### Instructions to follow
Set the listing down unchanged, minus every embedded image.

### Data segment
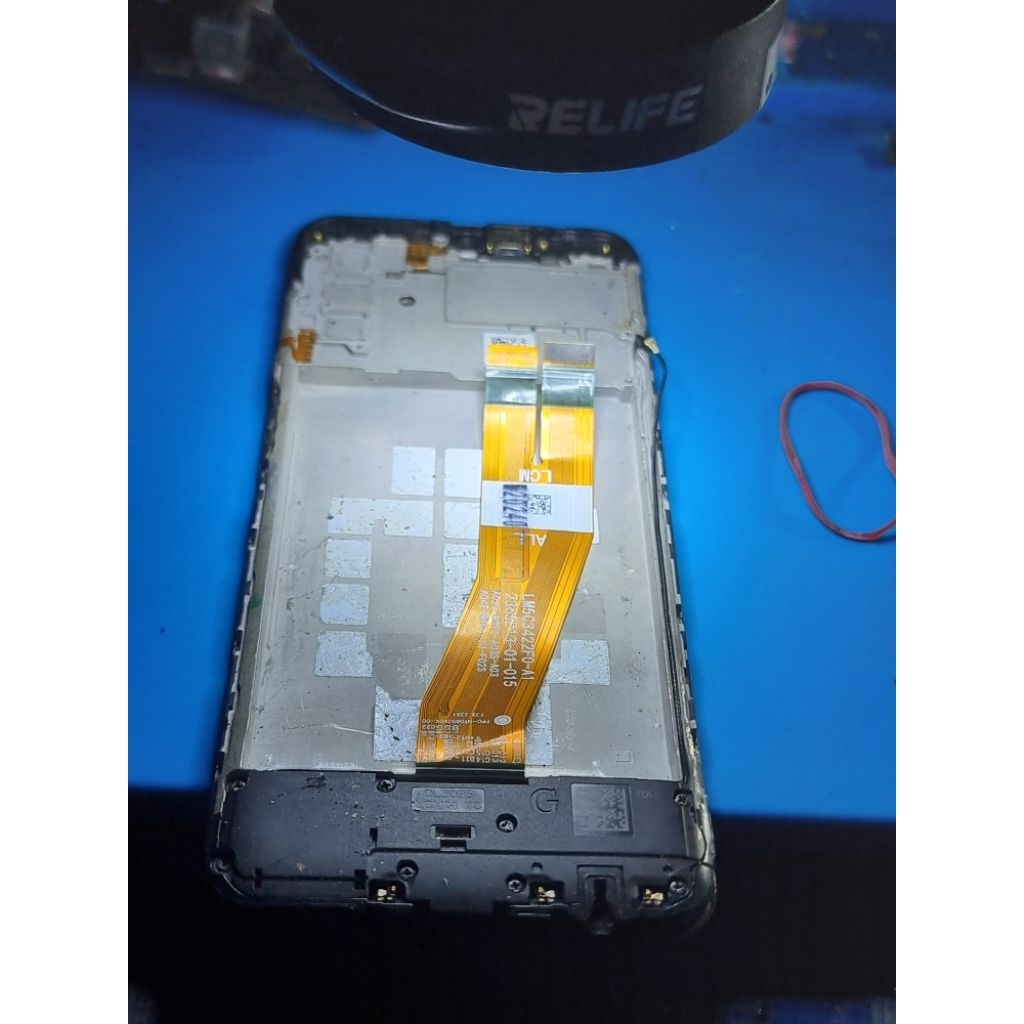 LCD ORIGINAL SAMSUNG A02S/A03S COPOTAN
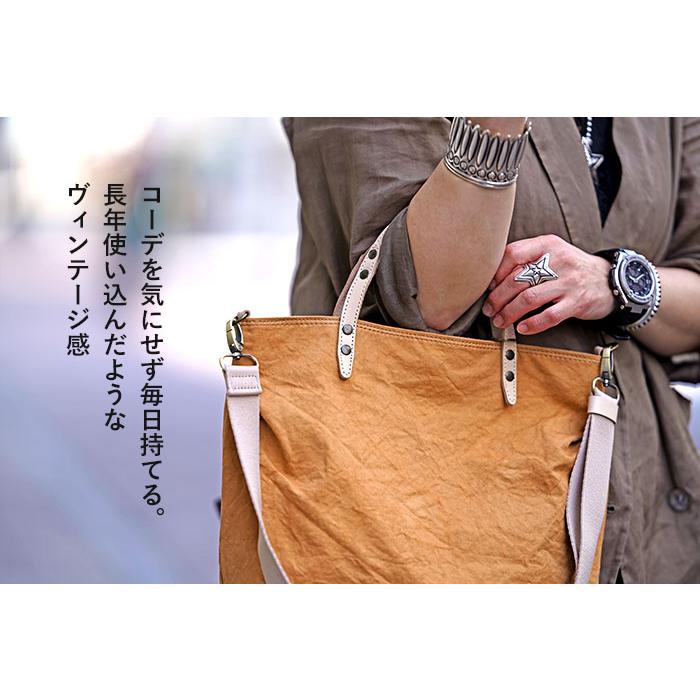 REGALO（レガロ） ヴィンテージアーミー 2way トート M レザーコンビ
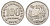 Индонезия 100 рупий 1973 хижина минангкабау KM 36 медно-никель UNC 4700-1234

### Completed exercise
 LCD ORIGINAL SAMSUNG A02S/A03S COPOTAN
 REGALO（レガロ） ヴィンテージアーミー 2way トート M レザーコンビ
 Индонезия 100 рупий 1973 хижина минангкабау KM 36 медно-никель UNC 4700-1234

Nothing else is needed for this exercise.